In the figure above, rectangle ABCD is similar to rectangle EFGH, where vertices A, B, C, and D correspond to...

1. TRANSLATE the problem information

• Given facts:
  • Rectangle \(\text{ABCD} \sim \text{Rectangle EFGH}\) (similar rectangles)
  • Area of \(\text{ABCD} = 12\)
  • Side \(\mathrm{AD} = 2\)
  • Corresponding side \(\mathrm{EH} = 5\)
  • Need to find: Area of EFGH

• What "corresponding" means: Since the vertices correspond in order \(\mathrm{A \leftrightarrow E, B \leftrightarrow F, C \leftrightarrow G, D \leftrightarrow H}\), side AD on the first rectangle matches with side EH on the second rectangle.

2. INFER the solution strategy

• Key strategic insight: We have two similar rectangles and need to find how their areas relate. Since we know one side from each rectangle, we can:
  1. Find the scale factor between them
  2. Use the area scaling rule (areas scale by \(\mathrm{k}^2\), not k)

• Why this approach works: We don't need to find all dimensions—the area scaling rule gives us a direct path from one area to the other.

3. SIMPLIFY to find the scale factor

The scale factor k from rectangle ABCD to rectangle EFGH is:

\(\mathrm{k} = \frac{\mathrm{EH}}{\mathrm{AD}} = \frac{5}{2}\)

4. INFER the area relationship

Since the rectangles are similar with scale factor \(\mathrm{k} = \frac{5}{2}\):

• Linear measurements scale by k
• But areas scale by \(\mathrm{k}^2\) (this is crucial!)

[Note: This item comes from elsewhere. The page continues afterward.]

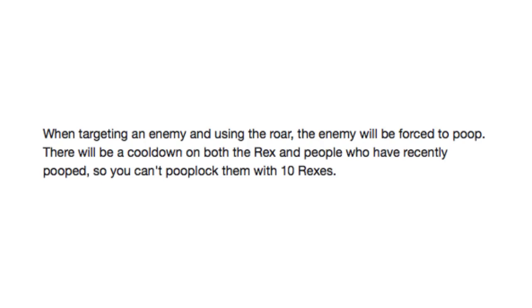When targeting an enemy and using the roar, the enemy will be forced to poop. There will be a cooldown on both the rex and people who have recently pooped, so you can't poop lock them with ten rexes. Poop lock them. Poop lock them. That's right, I said it.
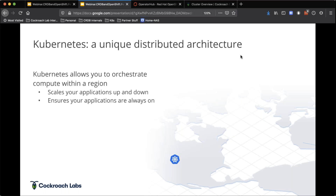The way we build and deliver applications is going through some sort of transformation, and at the core of that transformation is a technology called Kubernetes. Kubernetes is a unique distributed architecture — essentially Google's exhaust from an internal system called Borg, which runs the back-end of Gmail, Drive, and all their major applications. When Google open sourced a version for everyone else, eventually releasing Kubernetes, we saw it be adopted across the board in organizations both large and small.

Area ratio \(= \mathrm{k}^2 = \left(\frac{5}{2}\right)^2 = \frac{25}{4}\)

5. SIMPLIFY to find the area of EFGH

Set up the proportion:

• \(\frac{\text{Area of EFGH}}{\text{Area of ABCD}} = \frac{25}{4}\)
• \(\frac{\text{Area of EFGH}}{12} = \frac{25}{4}\)
• \(\text{Area of EFGH} = 12 \times \frac{25}{4}\)

SIMPLIFY the arithmetic:

• \(\text{Area of EFGH} = \frac{12}{4} \times 25\)
• \(\text{Area of EFGH} = 3 \times 25\)
• \(\text{Area of EFGH} = 75\)

Answer: C. 75

Why Students Usually Falter on This Problem

Most Common Error Path:

Weak INFER skill: Using linear scale factor for area instead of squared scale factor

Many students correctly find \(\mathrm{k} = \frac{5}{2}\), but then incorrectly calculate:

• \(\text{Area of EFGH} = 12 \times \frac{5}{2} = 12 \times 2.5 = 30\)

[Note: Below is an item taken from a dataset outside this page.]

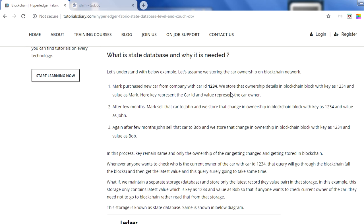Whenever Mark purchases a car, we store the information in the blockchain as a key-value pair: the key is the car ID, which is 1234, and the value is Mark, the car owner. A few months later, Mark wants to sell the car to John. The ownership changes — the owner is now John instead of Mark, but the car ID remains the same. The blockchain record gets updated: key is 1234, value changes to John. This gets appended to the blockchain; the old record is not deleted.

This happens because they don't recognize (or forget) that while lengths scale by k, areas scale by \(\mathrm{k}^2\). They treat area as if it were a one-dimensional measurement.

This leads them to select Choice A (30).

Second Most Common Error:

Incomplete SIMPLIFY: Arithmetic error in computing \(12 \times \frac{25}{4}\)

Students might correctly set up \(\text{Area} = 12 \times \frac{25}{4}\) but then:

• Multiply \(12 \times 25 = 300\) first
• Forget to divide by 4, leaving their answer as 300
• Or divide incorrectly

However, since 300 is not among the answer choices, this error would cause confusion and likely lead to guessing or reworking.

Third Possible Error:

Conceptual confusion: Inverting the scale factor

Some students might compute \(\mathrm{k} = \frac{\mathrm{AD}}{\mathrm{EH}} = \frac{2}{5}\) instead of \(\mathrm{k} = \frac{\mathrm{EH}}{\mathrm{AD}} = \frac{5}{2}\), thinking about the ratio backwards. This would lead to:

• \(\text{Area of EFGH} = 12 \times \left(\frac{2}{5}\right)^2 = 12 \times \frac{4}{25} = \frac{48}{25} \approx 1.92\)

This is much smaller than 12, which should trigger suspicion (the larger rectangle should have a larger area), but it doesn't match any answer choice, leading to confusion and guessing.

The Bottom Line:

The critical insight is understanding that area scales as the square of linear dimensions. This is a fundamental property of two-dimensional scaling that students often confuse with simple proportional relationships. The \(\mathrm{k}^2\) rule is what distinguishes this problem from basic proportion problems.